> Brief
Give a faithful, exact copy of all entries, minus the images.

::: Record set :::

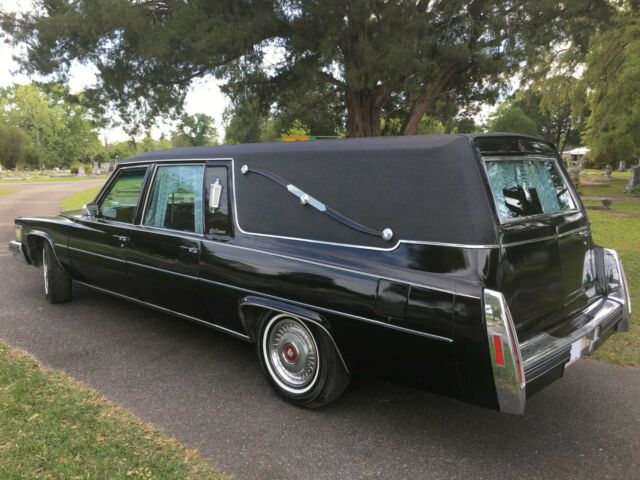 Cadillac Fleetwood 1978 image number 23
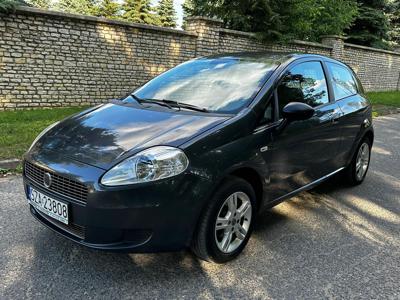 Używane Fiat Punto - 11 900 PLN, 272 000 km, 2009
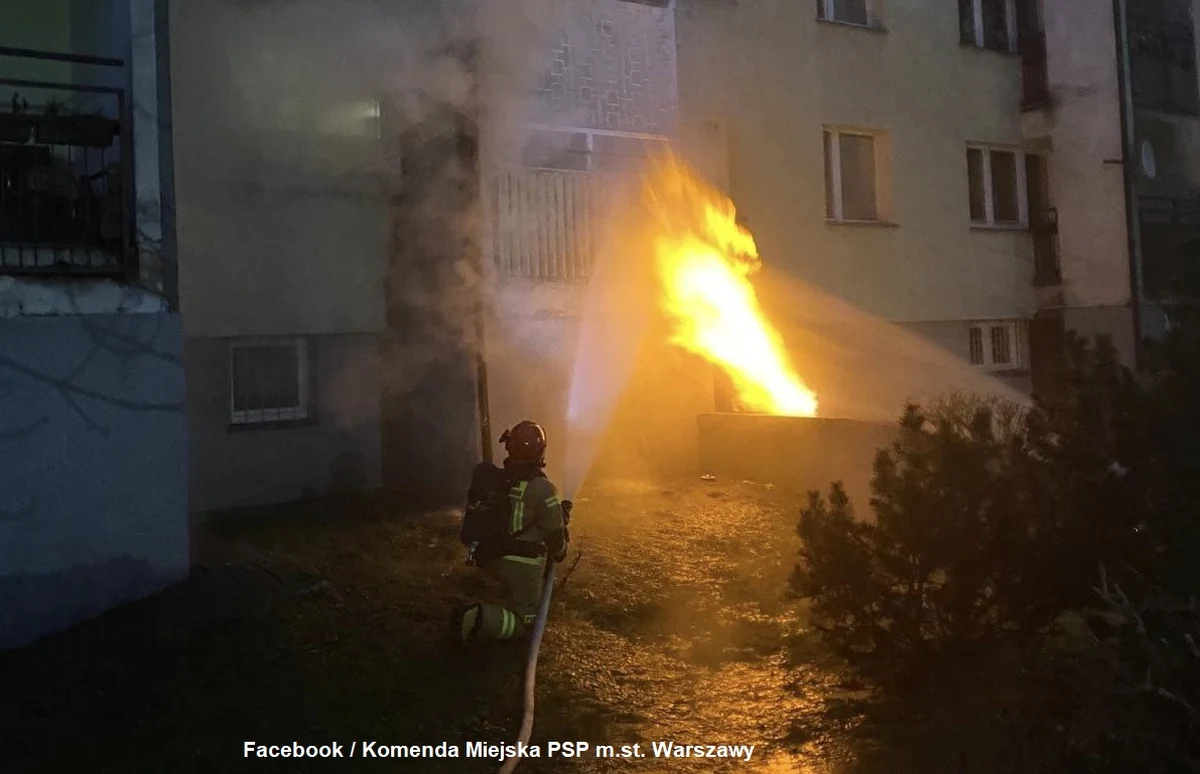 ​Około 40 osób zostało ewakuowanych z budynku przy ul. Abrahama 8A w warszawskiej dzielnicy Gocław. Zapaliła się tam skrzynka gazowa, płomienie sięgały 3-4 metrów.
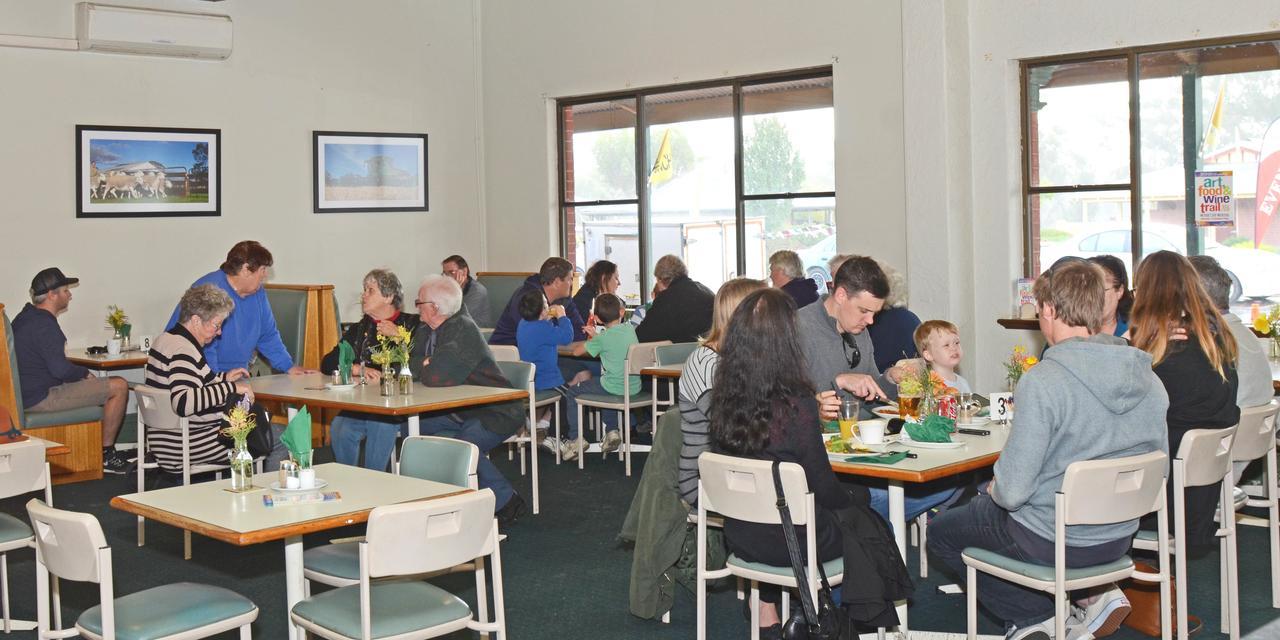 The Wickepin Hotel And Harvest Cafe Йорк Екстериор снимка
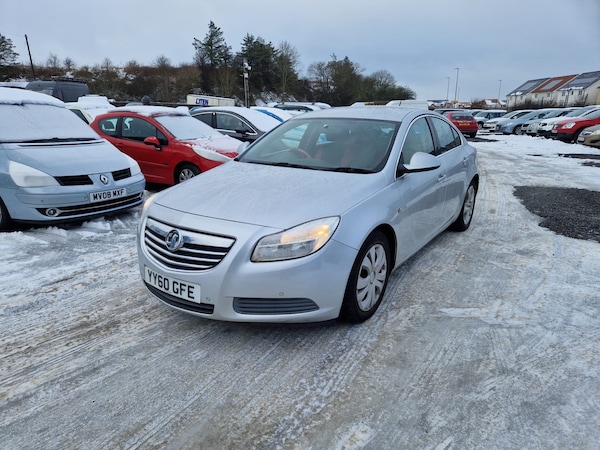 Used Vauxhall Insignia 2010 for sale - 73838196: Photo 2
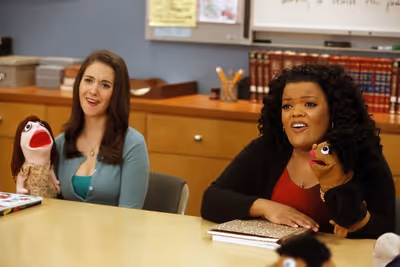 Alison Brie, Yvette Nicole Brown Photo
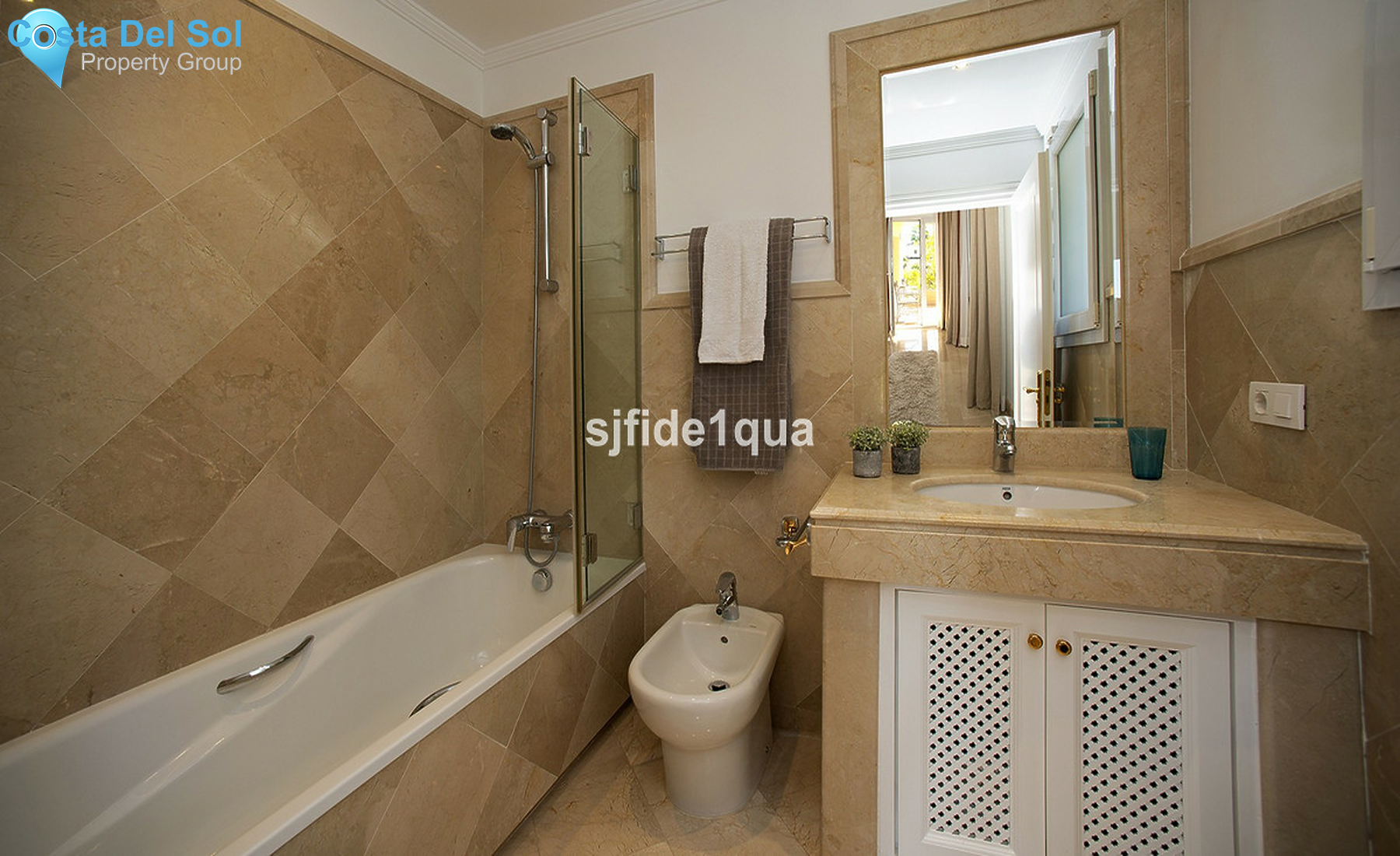 Ground Floor Apartment in Nueva Andalucía-1499741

:::

> Response to the task
 Cadillac Fleetwood 1978 image number 23
 Używane Fiat Punto - 11 900 PLN, 272 000 km, 2009
 ​Około 40 osób zostało ewakuowanych z budynku przy ul. Abrahama 8A w warszawskiej dzielnicy Gocław. Zapaliła się tam skrzynka gazowa, płomienie sięgały 3-4 metrów.
 The Wickepin Hotel And Harvest Cafe Йорк Екстериор снимка
 Used Vauxhall Insignia 2010 for sale - 73838196: Photo 2
 Alison Brie, Yvette Nicole Brown Photo
 Ground Floor Apartment in Nueva Andalucía-1499741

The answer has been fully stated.